■ WHAT IS REQUIRED:
Restate word for word the lines from the one bearing "Good Quality Cheap" through the end of the entries below, and leave every picture out.

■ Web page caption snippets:
* * *

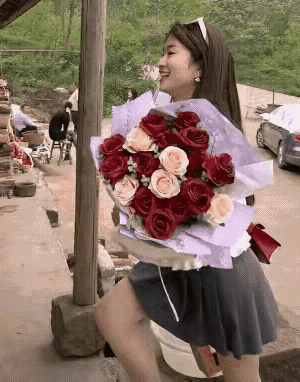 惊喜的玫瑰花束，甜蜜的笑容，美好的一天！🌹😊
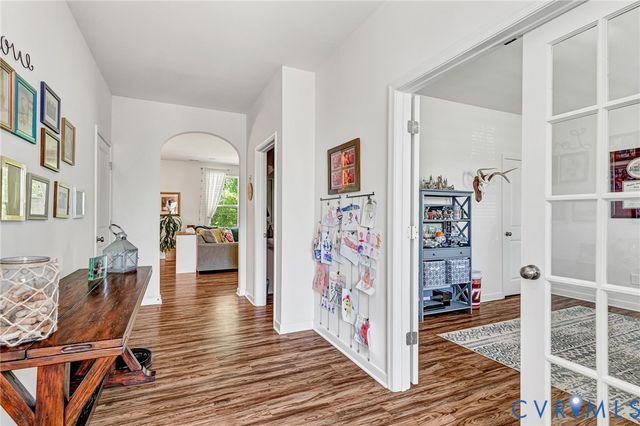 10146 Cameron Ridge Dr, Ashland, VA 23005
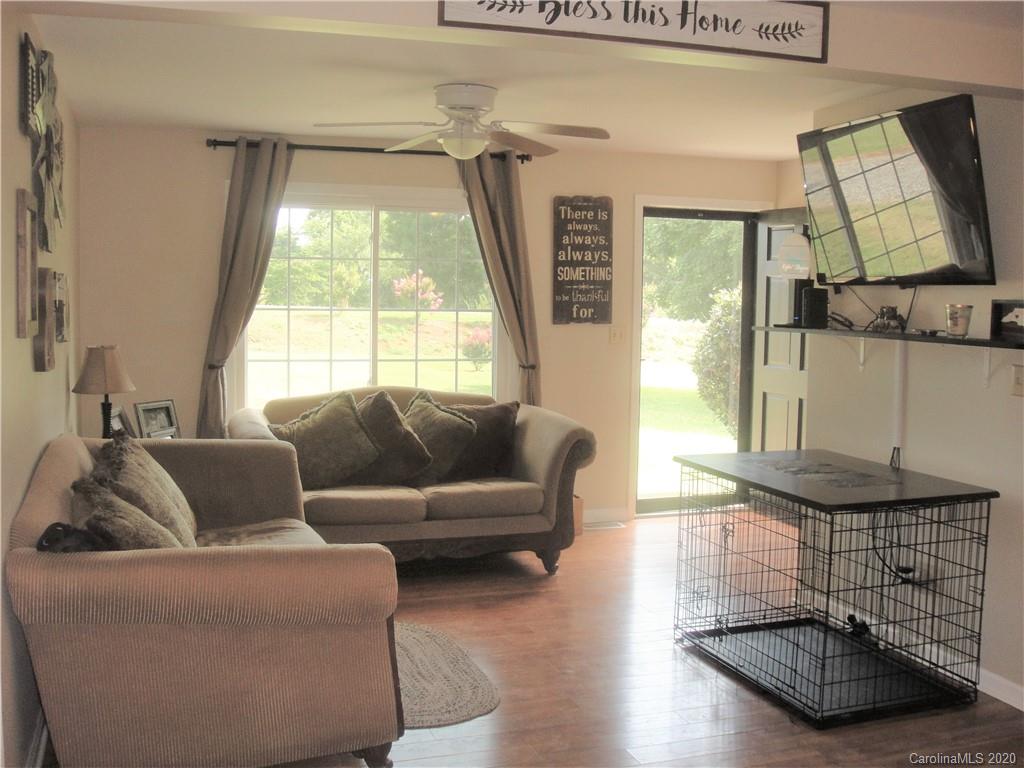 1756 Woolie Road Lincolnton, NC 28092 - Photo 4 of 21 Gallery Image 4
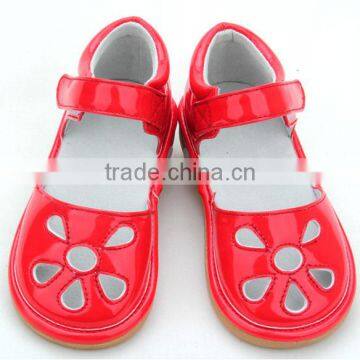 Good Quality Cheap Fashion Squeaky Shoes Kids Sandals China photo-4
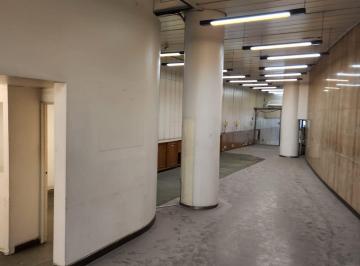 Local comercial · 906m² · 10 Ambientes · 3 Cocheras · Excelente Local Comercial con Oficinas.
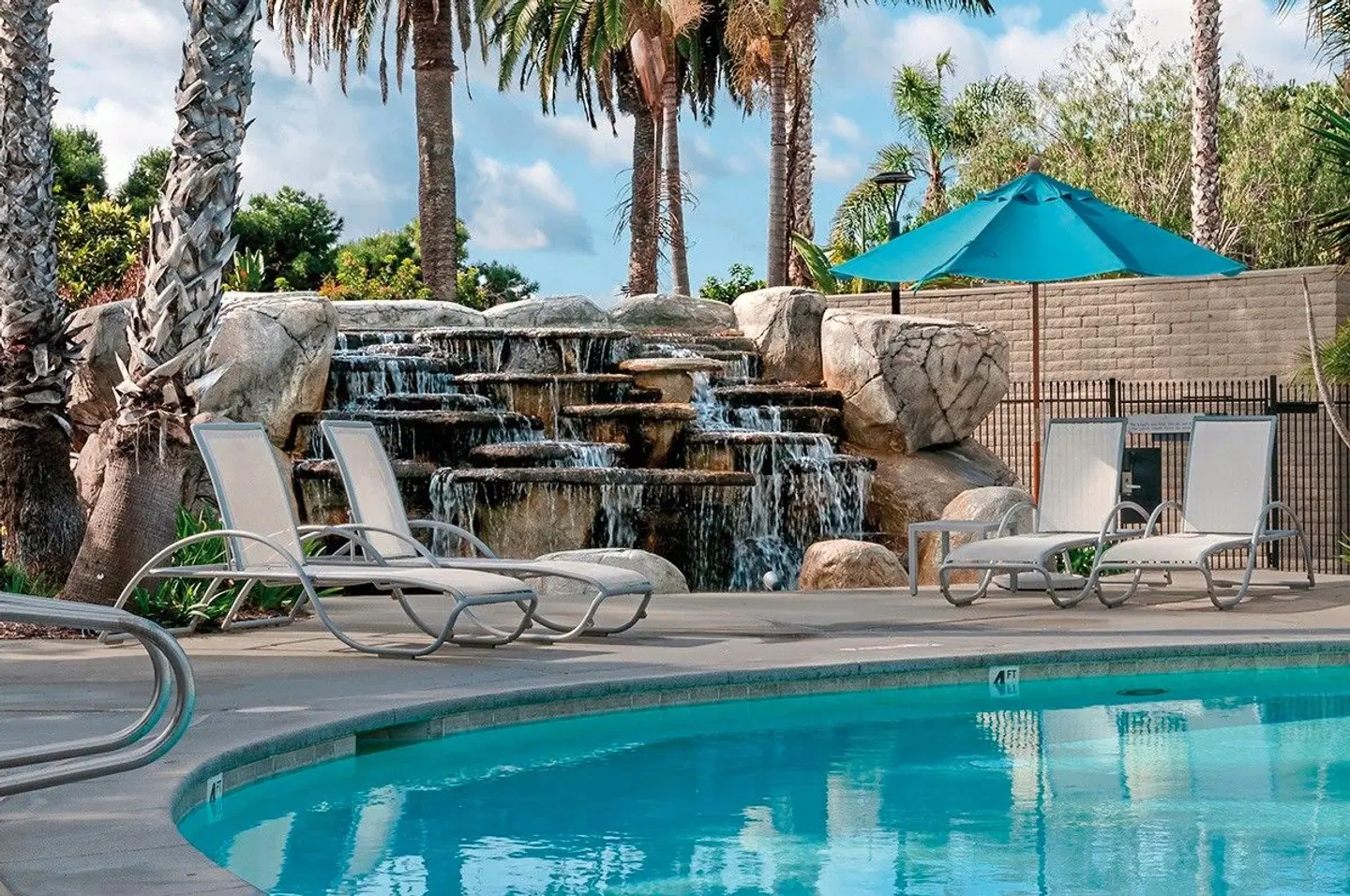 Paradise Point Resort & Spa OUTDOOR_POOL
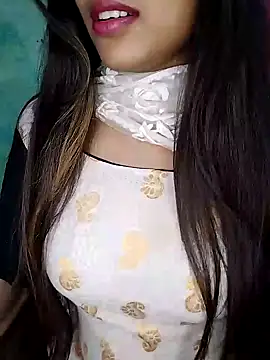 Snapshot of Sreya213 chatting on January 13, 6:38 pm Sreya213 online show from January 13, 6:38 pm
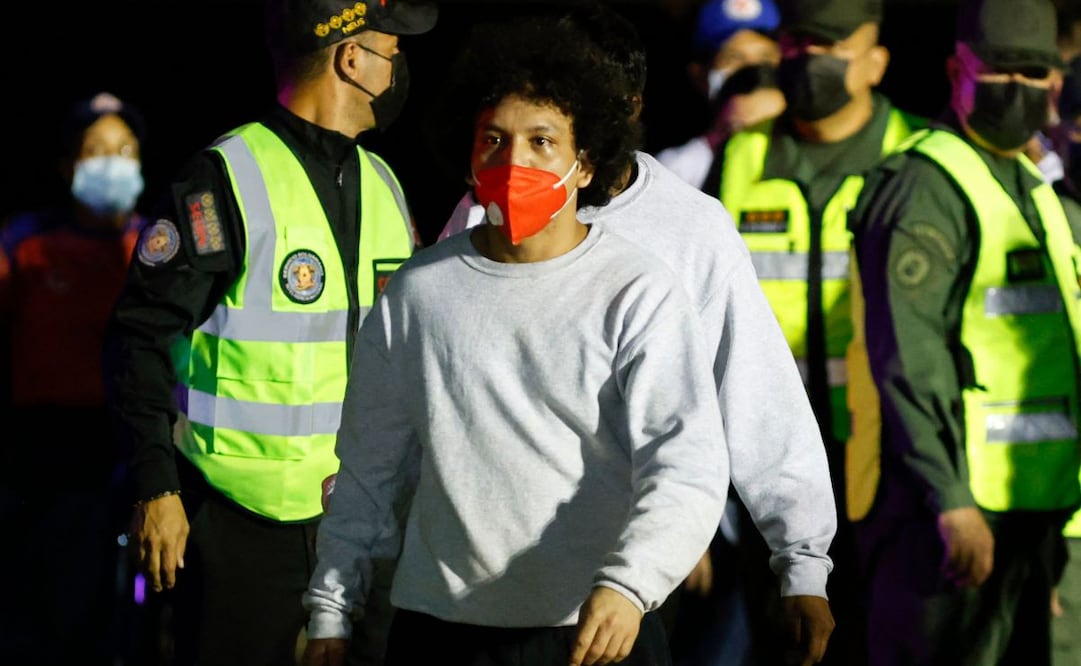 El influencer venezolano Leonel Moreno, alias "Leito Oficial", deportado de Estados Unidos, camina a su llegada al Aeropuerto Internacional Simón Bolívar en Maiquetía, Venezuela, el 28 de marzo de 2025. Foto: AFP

* * *

■ SOLVED PROBLEM:
 Good Quality Cheap Fashion Squeaky Shoes Kids Sandals China photo-4
 Local comercial · 906m² · 10 Ambientes · 3 Cocheras · Excelente Local Comercial con Oficinas.
 Paradise Point Resort & Spa OUTDOOR_POOL
 Snapshot of Sreya213 chatting on January 13, 6:38 pm Sreya213 online show from January 13, 6:38 pm
 El influencer venezolano Leonel Moreno, alias "Leito Oficial", deportado de Estados Unidos, camina a su llegada al Aeropuerto Internacional Simón Bolívar en Maiquetía, Venezuela, el 28 de marzo de 2025. Foto: AFP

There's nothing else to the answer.